Are you still using Excel spreadsheets to keep track of your company’s inventory? You’ll know it’s time to upgrade when your business grows to the point where you or your people are spending way too much time inputting static data.

A good inventory management system should do the heavy lifting. Here are a few features and capabilities a good solution should offer.

Multiple costing method options — You shouldn’t be limited to just one method of calculating the value of your inventory. Some systems only allow FIFO or LIFO or average, but a good system should offer multiple solutions and easily conform to your preference.

Location tracking — You should be able to track inventory across multiple warehouses or store locations, then further segregate merchandise. For instance, you might want to create bins or sub-locations. When you receive a shipment from a vendor, best practice is to unload the inventory into a receiving bin or location. Here, the inventory can be inspected for damages or shipping errors.
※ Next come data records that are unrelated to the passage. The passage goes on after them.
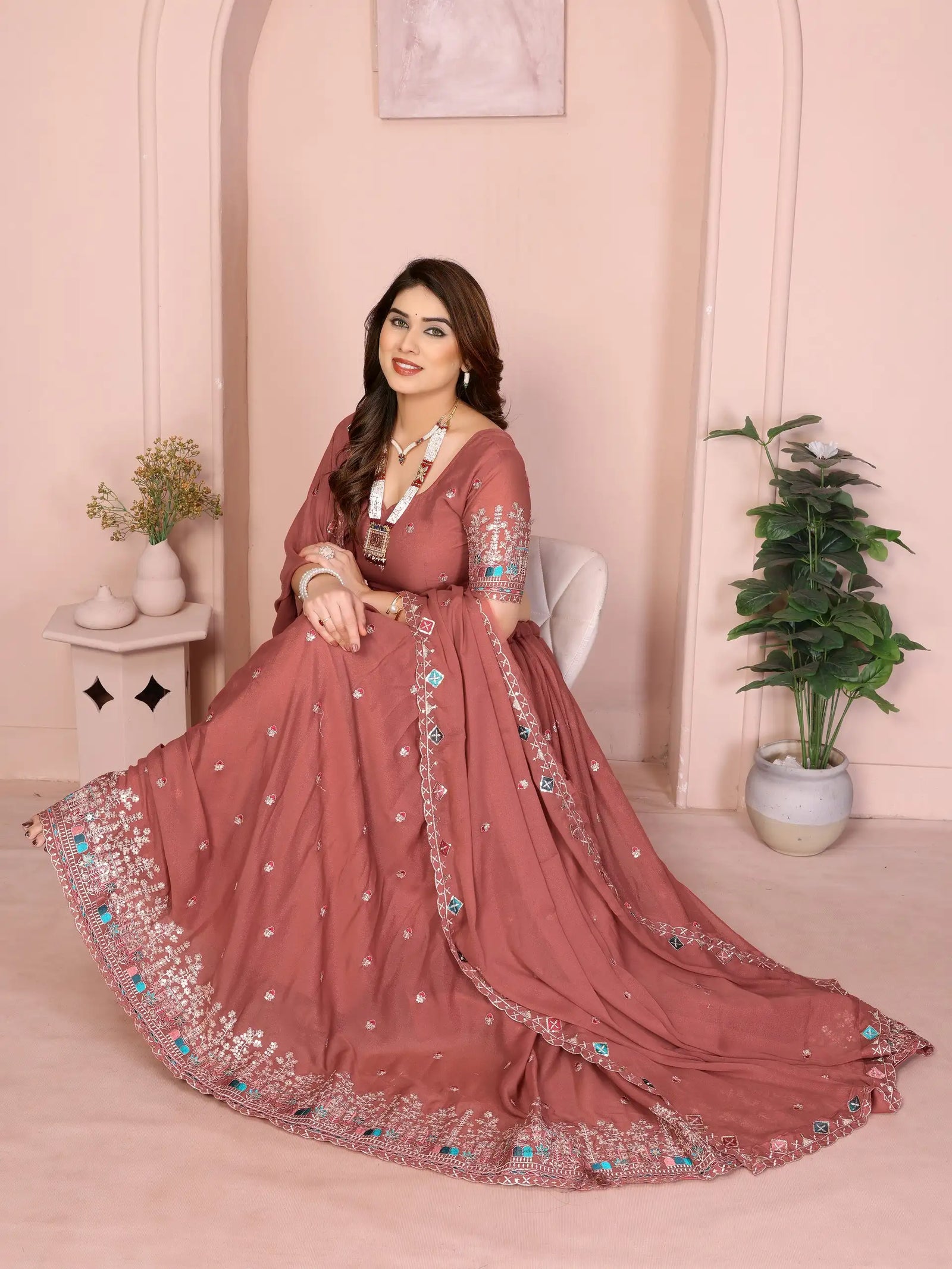 Soft Pink Lehenga heritage folk border close-up – Kalyanja KL173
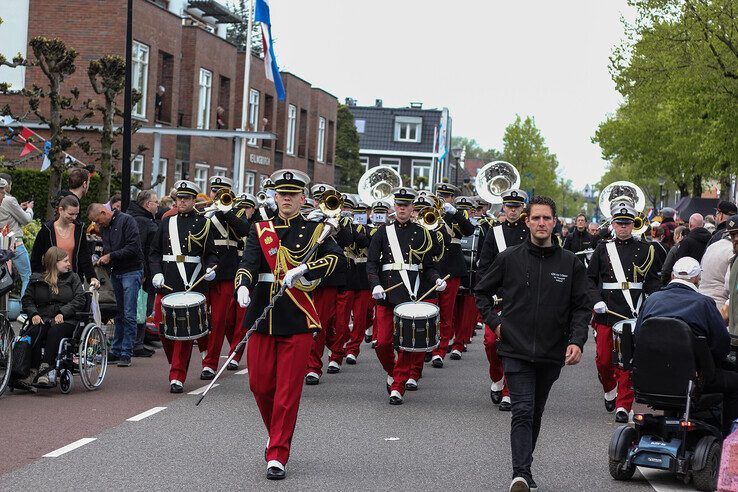 In beeld: Gezellige drukte op vrijmarkt in IJsselmuiden - Foto: Pascal Winter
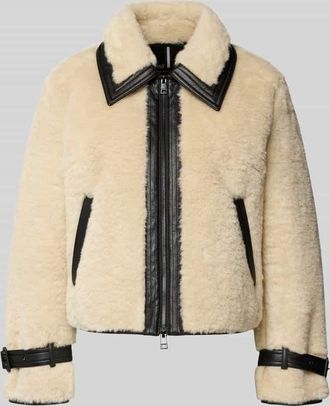 Marc Cain Regular Fit Jacke mit Kunstfellbesatz in Ecru, Größe 34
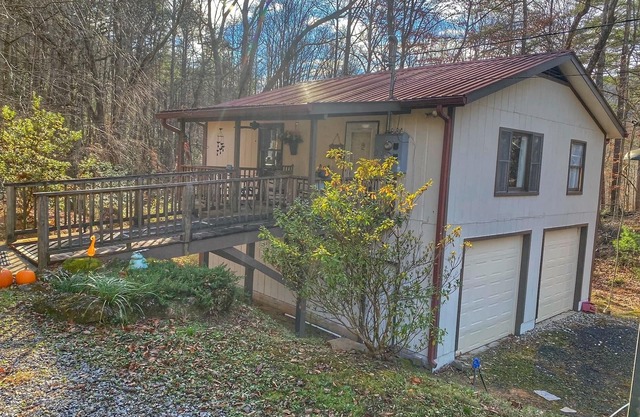 Cox Lake Cottage In Mountain City Georgia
Once it receives a clean bill of health, the product can be transferred to the appropriate warehouse rack until needed. At the end of the day, you should be able to generate a report of what’s still in the receiving location and needs to be moved.
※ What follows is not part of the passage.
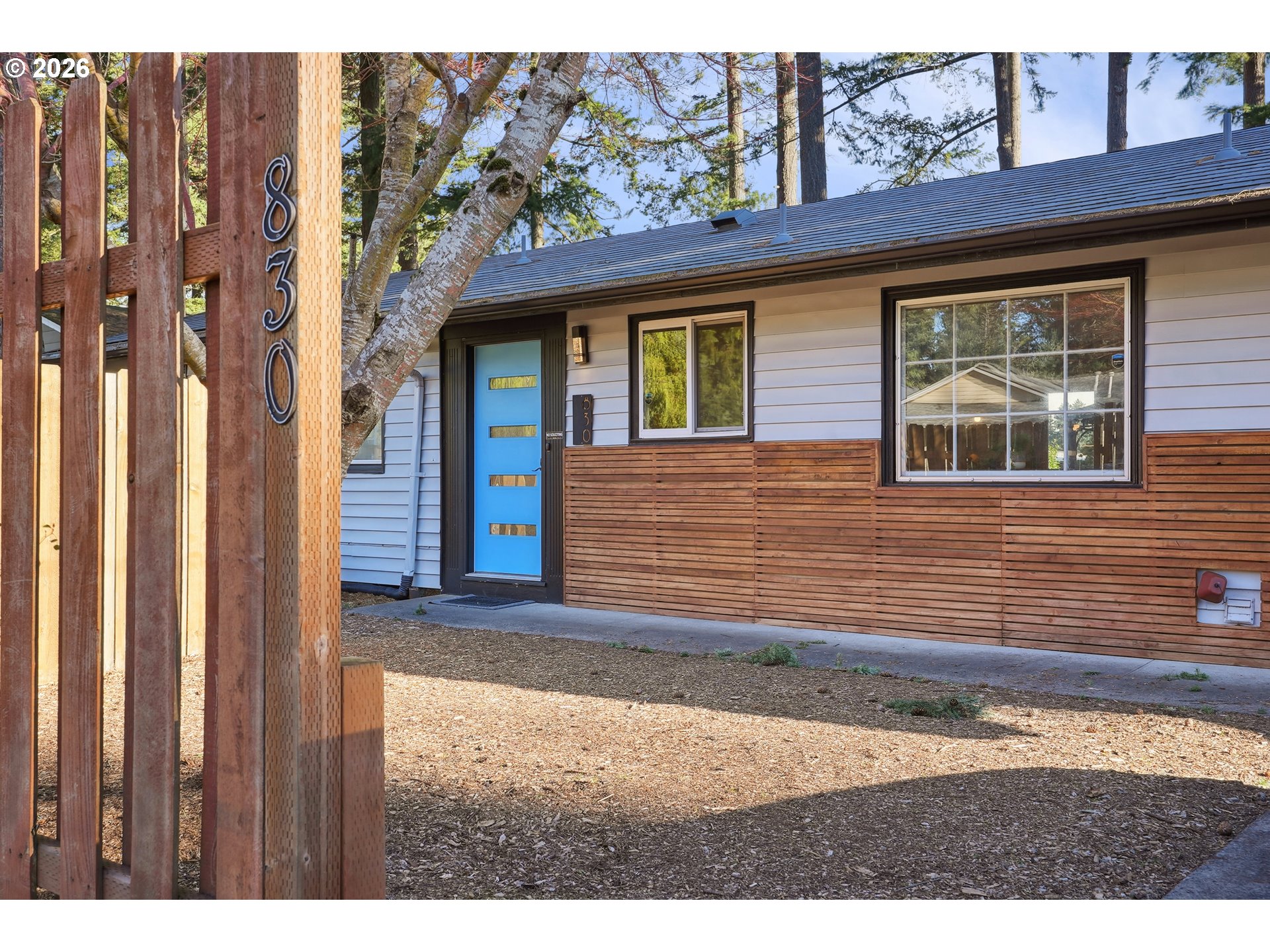 property viewer photo 1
Tracking of damaged and return-to-vendor goods — Your system should be able to help you do two things in this area: classify received inventory as being damaged and quickly process a return to the vendor for replacement or credit. Without this capability, your business stands the risk of selling damaged goods to customers or not getting a credit for goods that can’t be sold.

Tracking of reorder points and auto-purchasing — You should be able to set stock levels so your system can make recommendations on what to order from your vendors. You should have the ability to override these amounts based on information the system doesn’t have, but it’s a big time-saver to be able to automate at least some of this process. Some of the more sophisticated systems utilize other data points to make this recommendation based on such factors as sales rates, turns or vendor lead times. Once a product meets the requirement this recommendation can be converted into a purchase order, either automatically or manually.
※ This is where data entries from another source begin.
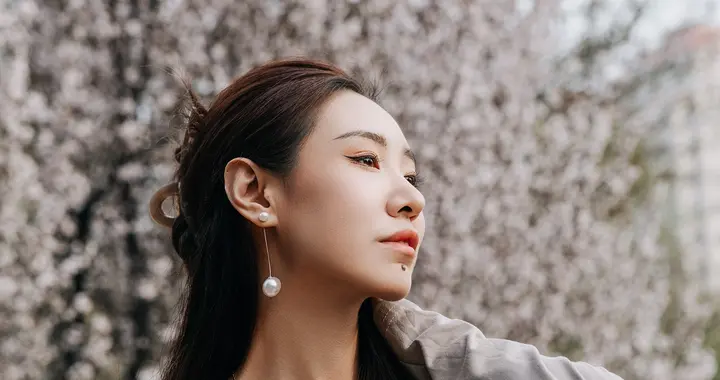 以繁花为裳，以锦绣为妆，她笑语嫣然，自成一道风景。‌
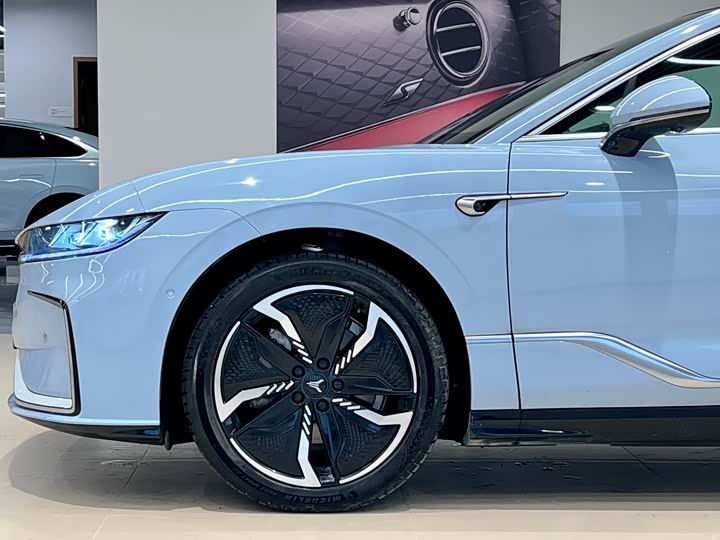 Фото 3 - Voyah Passion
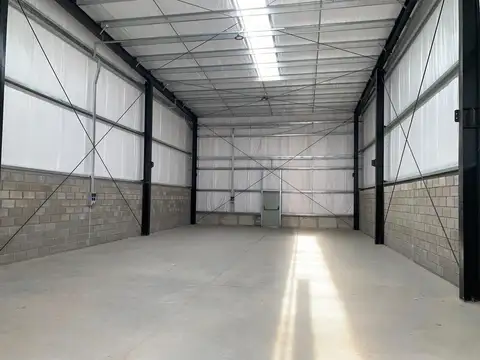 Depósito en Alquiler de 410 m2 en Benavidez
Cycle counting vs. full physical inventory — Few responsibilities will tie up more staff time longer than physically taking inventory. If you have a large warehouse, you might not even have the staffing resources to conduct multiple full inventory counts. In such situations, smaller cycle counts can be performed. Most operations can cycle through the entire warehouse in the matter of days to a few weeks or months.

Serial and lot tracking — Whether you operate a manufacturing or retail operation, you might need the ability to track specific pieces of inventory. This might be, for instance, for warranty, purposes or the recall of a lot number received or produced on a certain date.

Barcoding —This method of tracking has been around for years, but you need a system that conforms to your chosen method. This might include batch barcode scanning, where you upload and download data to post a transaction. Or radio frequency scanners that provide real time updates as soon as you scan them. Whichever tech solution you choose, the use of a barcode scanner helps reduce keying errors, speed up the data entry process, and teach good inventory discipline in accustoming warehouse staff in never moving inventory without a scanner.

This is a good start. Consider these features and benefits when selecting an inventory system and you’ll find a solution that works efficiently and cost-effectively in your environment.